Banks posted solid gains last year in the amount of employee benefit assets they invested on behalf of clients.

Data recently released by banking regulators showed that banks managed $914 billion of employee benefit assets in trust accounts last year, nearly a fifth greater than 1992.

This was taken as encouraging news by some observers, even though some of the gain is attributable to market performance and to acquisitions of money managers.

"What it says to me is that banks are doing quite well," said Robert T. Johnson, chairman of the trust and investment management division of the American Bankers Association.

Mr. Johnson is also executive vice president in Phoenix of Banc One Corp.'s Arizona bank.

The data was disclosed in the Trust Assets of Financial Institutions report for 1993, which was released last month by the Federal Financial Institutions Examination Council, an umbrella group of federal banking regulators.

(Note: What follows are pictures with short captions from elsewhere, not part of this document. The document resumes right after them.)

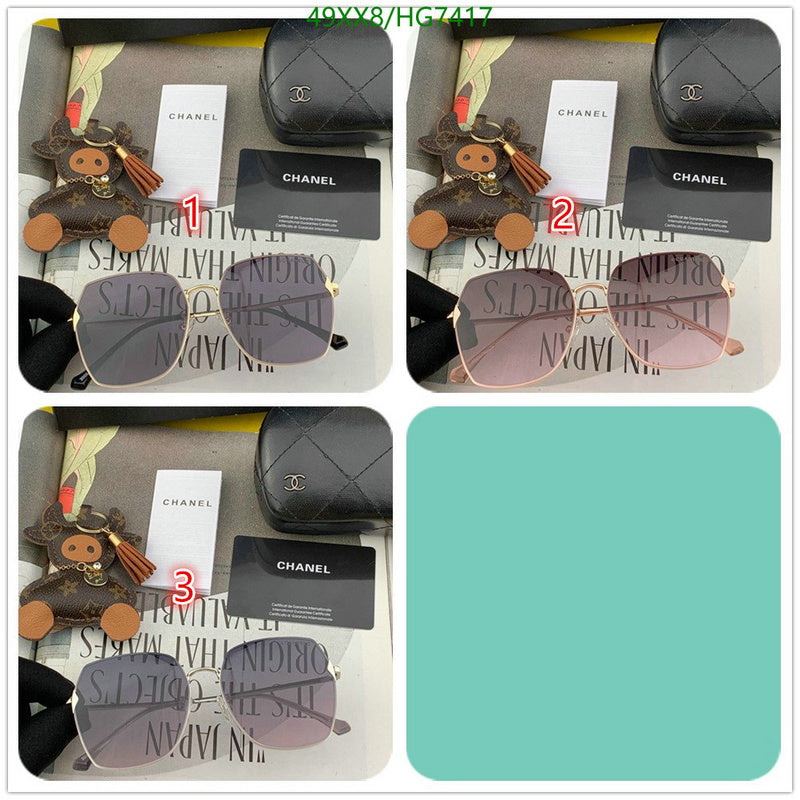 SAMC - CHL Glasses - 393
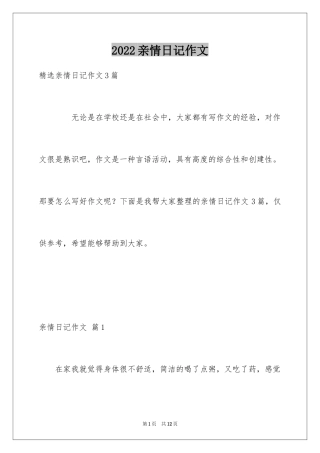 2024亲情日记作文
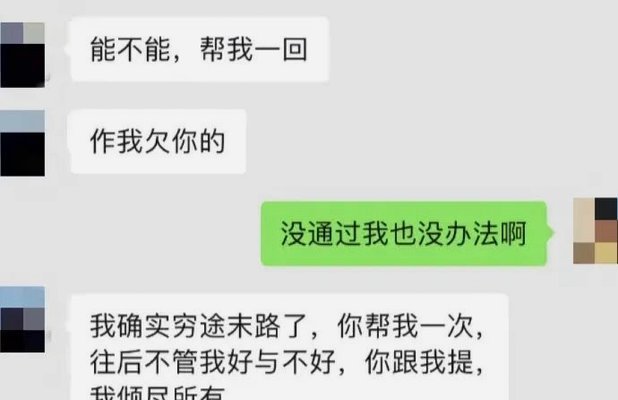 套现花呗合法吗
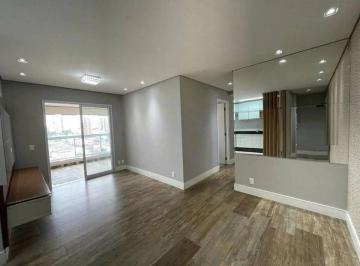 Apartamento · 87m² · 3 Quartos · 2 Vagas · Apartamento Alto Padrão em São Paulo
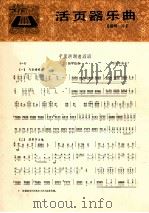 活页器乐曲  扬琴  6  千里洪湖浪滔滔   1978  PDF电子版封面  8026·3465  项祖华编曲 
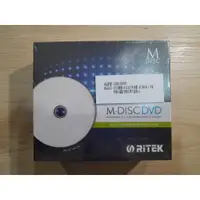 在飛比找蝦皮購物優惠-RITEK錸德 M-DISC千年光碟 4x DVD 4.7G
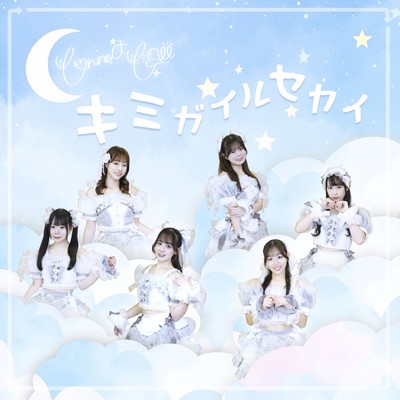 kimigairusekai (konekoru Ver.)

The report tallies trust assets which banks invest for clients, trust assets banks safeguard but don't manage, and assets invested by bank-affiliated investment advisers.

The data clearly show that banks are major players in the investment business. For example, they exercised discretion over a total of $2.05 trillion of trust assets, up 14% from 1992.

This outstripped the approximately $2 trillion in mutual funds managed by nonbanks and rivaled the $3.84 trillion of assets - namely loans and securities - that federally insured banks own.

The employee benefit assets contain some $525 billion of so-called employee benefit trusts, which include individual retirement accounts and Keogh plans.

The assets also contained $389 billion of so-called employee benefit agencies, which include pension plans registered under the Employee Retirement Income Security Act of 1974.

The growth in employee benefit assets outstripped gains in every other type of trust asset over which banks had investment discretion.

For example, discretionary personal trusts grew 5%, to $556 billion. Estates managed by banks grew 1%, to $19.4 billion.

But a catch-all category of discreti0nary trust assets called "all other agencies" nearly matched the growth in employee benefits. Assets in this category grew 17%, to $560 billion.

Regulators said they weren't certain what was included in this area, but they believe it includes individual and institutional investment accounts for which bank trust departments are given investment control and fiduciary responsibility. Mutual funds managed by bank trust departments are also included in this category.

Perhaps the biggest surprise in the data was that collective investment funds posted sizable growth, despite the numerous conversions of these funds into mutual funds.

Collective investment funds are pools of assets held in trust for a diverse group of beneficiaries that can include individuals as well as institutions.

Many banks have been restructuring these assets as mutual funds because doing so enables them to market the investments to non-trust customers.

But despite expectations that collective investment funds would dwindle, they actually grew in assets by nearly a quarter, to $702 billion.

Most of the increase was attributable to a $112 billion rise in employee benefit assets, to $531 billion. Personal trust assets in collective investment funds grew $15 billion to $152 billion.

"That surprises me," said Mr. Johnson about the growth, which he attributed to banks' overall push to get clients into investment accounts.

But, in what is probably a reflection of the conversion trend, the number of institutions offering collective investment funds declined, to 486 in 1993, from 533 in 1992.

The largest collective investment fund operator was Wells Fargo and Co. The San Francisco banking company's Institutional Trust Co. had 209 of these funds with $164 billion of assets. Wells Fargo Bank had another 51 funds with $8.4 billion of assets.

State Street Bank and Trust Co. and Bankers Trust Co. were also powerhouses. with $83.6 billion, and $65.9 billion in collective investment funds, respectively.

The data also shed light on banks' affiliated investment advisers. Banks are not required to have these subsidiaries.

But many do, because they can be seen in the market as more aggressive and forward-thinking investment managers than bank trust departments, according to market experts.

The 96 bank-affiliated investment advisers last year managed $515 billion of trust assets, and another $519 billion of assets not in trust accounts. The non-trust assets included mutual fund portfolios managed by affiliated advisers.

But the affiliated adviser data is skewed by the inclusion of mutual fund companies that own banks.